Den Elefanten kann ich ja nun getrost vergessen, denn ich mache mich nun auf die Arbeit. Ich steige in mein Auto, das in der Garage steht. Ich habe den Elefanten seit dem Frühstück nicht mehr gesehen. Ist auch besser so, denn was würde ich bloß tun, wenn mein Chef davon Wind bekommen würde? Ich will mir das gar nicht ausmalen. Ich hoffe die Arbeit im Büro hilft mir dabei, den Dickhäuter zu vergessen. Ich starte den Motor, öffne die Garage mit der Fernbedienung, lege den Rückwärtsgang ein, drehe mich um, um aus dem Rückfenster zu schauen und fahre rückwärts aus der Garage heraus. Ich verrenke mir den Hals um aus dem Fenster zu schauen, denn der Elefant nimmt zu viel Platz ein. Moment … Elefant? Meine Güte, wie kommt der denn hier rein? Ich bremse.

- Hau ab!, rufe ich ihm entgegen.

Ich sehe den Elefanten missmutig an. Der Elefant rührt sich nicht und schaut aus dem Fenster heraus.
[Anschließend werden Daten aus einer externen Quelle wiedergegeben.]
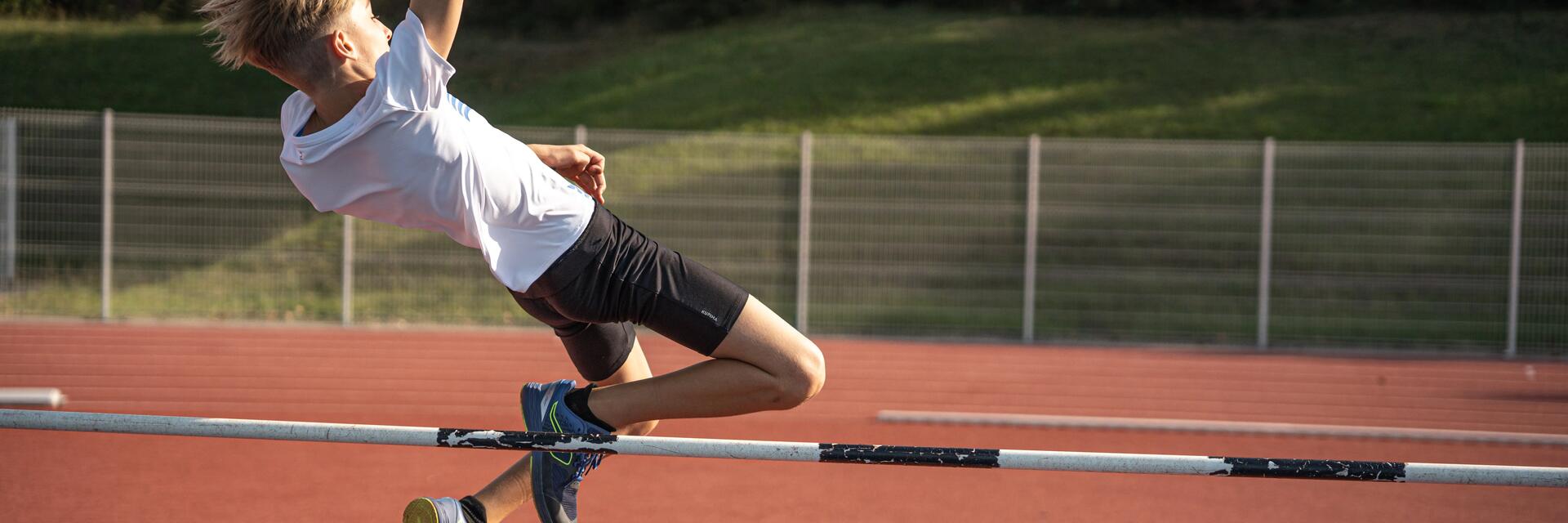 Nastolatek w odzieży sportowej skaczący wzwyż
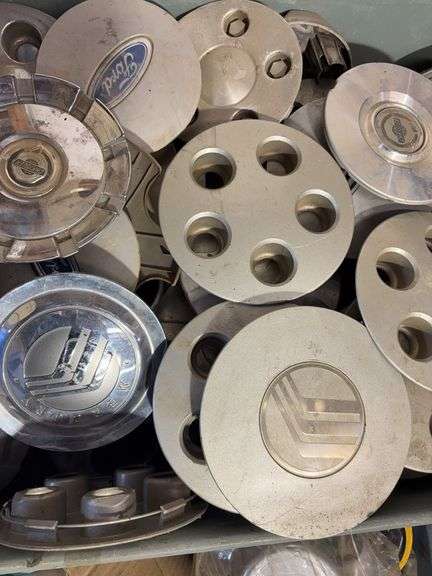 Large lot of miscellaneous hub caps and parts, paste wax and more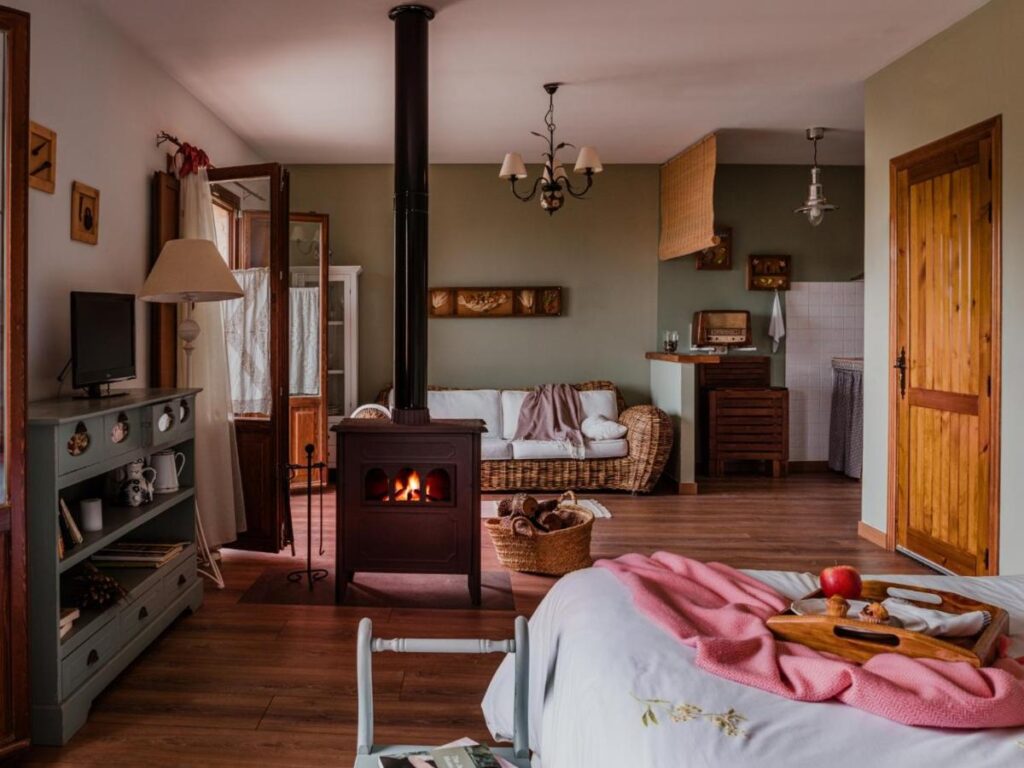 25 Weekend Trips from Madrid Max. 2h Away 74 Cozy rustic room with a wood stove, wicker sofa, and a bed with a pink blanket—perfect for relaxing weekend trips from Madrid. A tray with apples and drinks sits on the bed, while warm lighting and wooden accents create a welcoming atmosphere.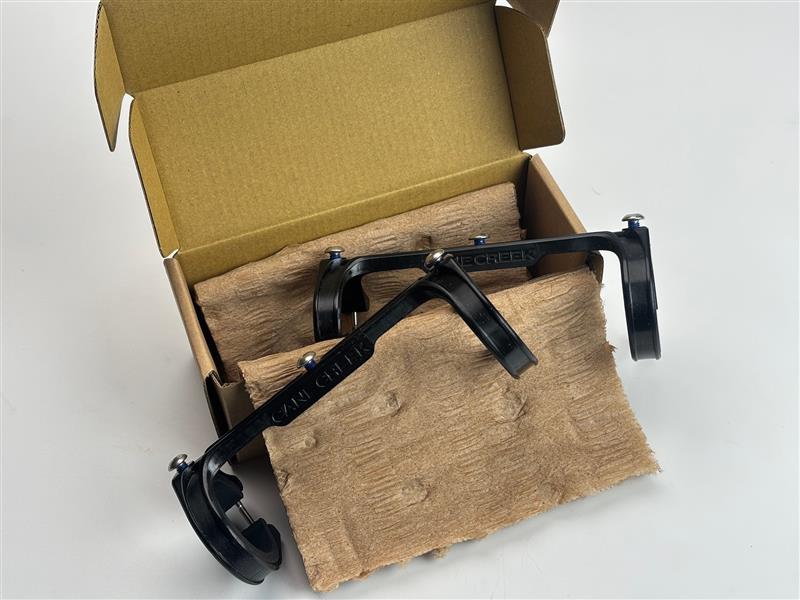 CANE CREEKと書かれた2つの黒い金属製の自転車部品が、開いた段ボール箱の中の褐色のパッドの上に置かれている。.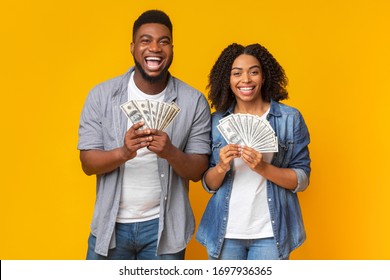 Joyful Black Couple Posing With Dollar Fans, Holding A Lot Of Money In Hands, Yellow Background With Free Space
Es scheint so als könnte er es kaum erwarten im Büro zu erscheinen. Eins muss man ihm lassen: wenigstens isst er nun keine Erdnüsse mehr und hat sich bereits angeschnallt. Ich weiß nicht, was ich machen soll. Mit aller Kraft könnte ich es nicht bewegen, dafür ist der Dickhäuter zu schwer. Er muss schon freiwillig heraus gehen. Doch dies möchte er anscheinend nicht. Da er keine Dummheiten anstellt, entscheide ich mich ihn einfach zu ignorieren, vielleicht würde er so verschwinden oder er würde wenigstens mir nicht mehr auffallen.

Ich fahre aus der Garage heraus und fahre auf die Strasse. Der rosafarbener Elefant stört mich nun nicht mehr, ich ignoriere ihn einfach. Es macht mir mal nichts aus, dass er das Fenster geöffnet hat. Mir doch egal. Mit etwas Willenskraft wird alles möglich. […]

Ich sitze nun in meinem Büro und arbeite etwas von dem Papierkram ab. Meine Kopfschmerzen sind schon lange passé und meine gute Laune ist auch wiedergekehrt. Den rosafarbener Dickhäuter habe ich schon lange nicht mehr gesehen. Das letzte Mal als ich ihn sah, war ich im Parkhaus. Er war dort seiner Wege gegangen, wahrscheinlich ist er irgendwo spazieren gegangen oder was weiß ich. Solange er nicht hier ist, ist alles ok.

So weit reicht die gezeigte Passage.